### What you will do
Starting with the first line, output the data exactly through to the end.

Entries taken from a collection
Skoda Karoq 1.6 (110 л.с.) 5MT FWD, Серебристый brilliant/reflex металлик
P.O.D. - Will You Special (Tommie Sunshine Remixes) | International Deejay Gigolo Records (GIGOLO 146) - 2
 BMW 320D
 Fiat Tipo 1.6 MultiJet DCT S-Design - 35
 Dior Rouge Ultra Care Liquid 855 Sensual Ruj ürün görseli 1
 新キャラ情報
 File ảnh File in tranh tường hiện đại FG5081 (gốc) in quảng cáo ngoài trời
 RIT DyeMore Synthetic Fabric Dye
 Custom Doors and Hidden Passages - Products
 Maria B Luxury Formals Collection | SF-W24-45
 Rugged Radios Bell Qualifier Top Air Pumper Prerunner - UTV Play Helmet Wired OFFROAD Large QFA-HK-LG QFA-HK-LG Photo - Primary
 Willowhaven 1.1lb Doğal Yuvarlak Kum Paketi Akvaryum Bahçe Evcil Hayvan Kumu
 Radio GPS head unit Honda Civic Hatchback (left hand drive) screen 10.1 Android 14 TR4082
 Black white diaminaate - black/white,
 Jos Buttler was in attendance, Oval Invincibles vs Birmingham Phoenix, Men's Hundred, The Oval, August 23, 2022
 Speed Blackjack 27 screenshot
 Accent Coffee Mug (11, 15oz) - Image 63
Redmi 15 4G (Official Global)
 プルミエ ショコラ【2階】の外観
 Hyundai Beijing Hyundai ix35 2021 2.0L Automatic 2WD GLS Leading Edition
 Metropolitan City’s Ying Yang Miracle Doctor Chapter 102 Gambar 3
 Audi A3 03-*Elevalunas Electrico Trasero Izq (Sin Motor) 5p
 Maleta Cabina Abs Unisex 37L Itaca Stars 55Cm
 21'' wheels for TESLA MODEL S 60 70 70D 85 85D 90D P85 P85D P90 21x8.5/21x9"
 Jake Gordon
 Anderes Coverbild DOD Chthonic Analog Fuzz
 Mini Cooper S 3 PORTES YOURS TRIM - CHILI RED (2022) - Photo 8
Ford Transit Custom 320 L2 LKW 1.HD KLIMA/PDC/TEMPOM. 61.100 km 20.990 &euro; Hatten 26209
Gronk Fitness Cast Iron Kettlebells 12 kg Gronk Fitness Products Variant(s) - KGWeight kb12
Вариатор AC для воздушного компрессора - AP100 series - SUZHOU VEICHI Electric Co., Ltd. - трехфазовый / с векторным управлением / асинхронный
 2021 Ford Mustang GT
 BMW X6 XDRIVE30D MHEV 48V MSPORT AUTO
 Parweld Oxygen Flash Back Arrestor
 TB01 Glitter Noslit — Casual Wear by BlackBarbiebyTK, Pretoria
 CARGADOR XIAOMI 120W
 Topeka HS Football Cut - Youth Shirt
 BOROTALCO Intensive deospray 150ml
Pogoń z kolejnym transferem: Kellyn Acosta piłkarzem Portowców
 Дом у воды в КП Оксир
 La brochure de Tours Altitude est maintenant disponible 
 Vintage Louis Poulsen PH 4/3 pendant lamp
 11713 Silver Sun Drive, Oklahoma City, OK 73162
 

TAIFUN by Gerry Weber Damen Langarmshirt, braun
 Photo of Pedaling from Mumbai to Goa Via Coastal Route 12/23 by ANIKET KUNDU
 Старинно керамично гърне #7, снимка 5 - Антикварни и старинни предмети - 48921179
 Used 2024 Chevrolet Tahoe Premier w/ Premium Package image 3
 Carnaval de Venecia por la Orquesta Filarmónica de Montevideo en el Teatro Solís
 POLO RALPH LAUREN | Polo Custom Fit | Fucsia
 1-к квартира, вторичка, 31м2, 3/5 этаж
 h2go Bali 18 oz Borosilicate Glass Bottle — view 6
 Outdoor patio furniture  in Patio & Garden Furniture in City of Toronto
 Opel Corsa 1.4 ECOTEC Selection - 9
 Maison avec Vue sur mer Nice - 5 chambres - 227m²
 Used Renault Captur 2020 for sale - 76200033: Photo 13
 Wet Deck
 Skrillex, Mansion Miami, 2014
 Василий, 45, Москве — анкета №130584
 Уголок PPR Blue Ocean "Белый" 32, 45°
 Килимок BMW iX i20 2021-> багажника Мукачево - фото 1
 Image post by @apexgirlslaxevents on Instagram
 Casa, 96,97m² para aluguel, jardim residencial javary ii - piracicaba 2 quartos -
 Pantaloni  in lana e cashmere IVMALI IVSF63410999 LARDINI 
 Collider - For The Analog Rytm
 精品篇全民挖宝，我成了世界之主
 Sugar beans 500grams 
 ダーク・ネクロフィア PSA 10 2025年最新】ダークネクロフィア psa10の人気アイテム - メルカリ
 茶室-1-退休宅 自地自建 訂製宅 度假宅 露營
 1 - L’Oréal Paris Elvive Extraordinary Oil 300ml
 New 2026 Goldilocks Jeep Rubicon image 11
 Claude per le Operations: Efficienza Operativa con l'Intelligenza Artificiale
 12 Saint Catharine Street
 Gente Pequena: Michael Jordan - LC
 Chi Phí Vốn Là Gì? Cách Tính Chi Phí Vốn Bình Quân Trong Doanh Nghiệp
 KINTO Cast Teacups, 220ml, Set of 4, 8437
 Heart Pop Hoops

### Result of the task
Skoda Karoq 1.6 (110 л.с.) 5MT FWD, Серебристый brilliant/reflex металлик
P.O.D. - Will You Special (Tommie Sunshine Remixes) | International Deejay Gigolo Records (GIGOLO 146) - 2
 BMW 320D
 Fiat Tipo 1.6 MultiJet DCT S-Design - 35
 Dior Rouge Ultra Care Liquid 855 Sensual Ruj ürün görseli 1
 新キャラ情報
 File ảnh File in tranh tường hiện đại FG5081 (gốc) in quảng cáo ngoài trời
 RIT DyeMore Synthetic Fabric Dye
 Custom Doors and Hidden Passages - Products
 Maria B Luxury Formals Collection | SF-W24-45
 Rugged Radios Bell Qualifier Top Air Pumper Prerunner - UTV Play Helmet Wired OFFROAD Large QFA-HK-LG QFA-HK-LG Photo - Primary
 Willowhaven 1.1lb Doğal Yuvarlak Kum Paketi Akvaryum Bahçe Evcil Hayvan Kumu
 Radio GPS head unit Honda Civic Hatchback (left hand drive) screen 10.1 Android 14 TR4082
 Black white diaminaate - black/white,
 Jos Buttler was in attendance, Oval Invincibles vs Birmingham Phoenix, Men's Hundred, The Oval, August 23, 2022
 Speed Blackjack 27 screenshot
 Accent Coffee Mug (11, 15oz) - Image 63
Redmi 15 4G (Official Global)
 プルミエ ショコラ【2階】の外観
 Hyundai Beijing Hyundai ix35 2021 2.0L Automatic 2WD GLS Leading Edition
 Metropolitan City’s Ying Yang Miracle Doctor Chapter 102 Gambar 3
 Audi A3 03-*Elevalunas Electrico Trasero Izq (Sin Motor) 5p
 Maleta Cabina Abs Unisex 37L Itaca Stars 55Cm
 21'' wheels for TESLA MODEL S 60 70 70D 85 85D 90D P85 P85D P90 21x8.5/21x9"
 Jake Gordon
 Anderes Coverbild DOD Chthonic Analog Fuzz
 Mini Cooper S 3 PORTES YOURS TRIM - CHILI RED (2022) - Photo 8
Ford Transit Custom 320 L2 LKW 1.HD KLIMA/PDC/TEMPOM. 61.100 km 20.990 &euro; Hatten 26209
Gronk Fitness Cast Iron Kettlebells 12 kg Gronk Fitness Products Variant(s) - KGWeight kb12
Вариатор AC для воздушного компрессора - AP100 series - SUZHOU VEICHI Electric Co., Ltd. - трехфазовый / с векторным управлением / асинхронный
 2021 Ford Mustang GT
 BMW X6 XDRIVE30D MHEV 48V MSPORT AUTO
 Parweld Oxygen Flash Back Arrestor
 TB01 Glitter Noslit — Casual Wear by BlackBarbiebyTK, Pretoria
 CARGADOR XIAOMI 120W
 Topeka HS Football Cut - Youth Shirt
 BOROTALCO Intensive deospray 150ml
Pogoń z kolejnym transferem: Kellyn Acosta piłkarzem Portowców
 Дом у воды в КП Оксир
 La brochure de Tours Altitude est maintenant disponible 
 Vintage Louis Poulsen PH 4/3 pendant lamp
 11713 Silver Sun Drive, Oklahoma City, OK 73162
 

TAIFUN by Gerry Weber Damen Langarmshirt, braun
 Photo of Pedaling from Mumbai to Goa Via Coastal Route 12/23 by ANIKET KUNDU
 Старинно керамично гърне #7, снимка 5 - Антикварни и старинни предмети - 48921179
 Used 2024 Chevrolet Tahoe Premier w/ Premium Package image 3
 Carnaval de Venecia por la Orquesta Filarmónica de Montevideo en el Teatro Solís
 POLO RALPH LAUREN | Polo Custom Fit | Fucsia
 1-к квартира, вторичка, 31м2, 3/5 этаж
 h2go Bali 18 oz Borosilicate Glass Bottle — view 6
 Outdoor patio furniture  in Patio & Garden Furniture in City of Toronto
 Opel Corsa 1.4 ECOTEC Selection - 9
 Maison avec Vue sur mer Nice - 5 chambres - 227m²
 Used Renault Captur 2020 for sale - 76200033: Photo 13
 Wet Deck
 Skrillex, Mansion Miami, 2014
 Василий, 45, Москве — анкета №130584
 Уголок PPR Blue Ocean "Белый" 32, 45°
 Килимок BMW iX i20 2021-> багажника Мукачево - фото 1
 Image post by @apexgirlslaxevents on Instagram
 Casa, 96,97m² para aluguel, jardim residencial javary ii - piracicaba 2 quartos -
 Pantaloni  in lana e cashmere IVMALI IVSF63410999 LARDINI 
 Collider - For The Analog Rytm
 精品篇全民挖宝，我成了世界之主
 Sugar beans 500grams 
 ダーク・ネクロフィア PSA 10 2025年最新】ダークネクロフィア psa10の人気アイテム - メルカリ
 茶室-1-退休宅 自地自建 訂製宅 度假宅 露營
 1 - L’Oréal Paris Elvive Extraordinary Oil 300ml
 New 2026 Goldilocks Jeep Rubicon image 11
 Claude per le Operations: Efficienza Operativa con l'Intelligenza Artificiale
 12 Saint Catharine Street
 Gente Pequena: Michael Jordan - LC
 Chi Phí Vốn Là Gì? Cách Tính Chi Phí Vốn Bình Quân Trong Doanh Nghiệp
 KINTO Cast Teacups, 220ml, Set of 4, 8437
 Heart Pop Hoops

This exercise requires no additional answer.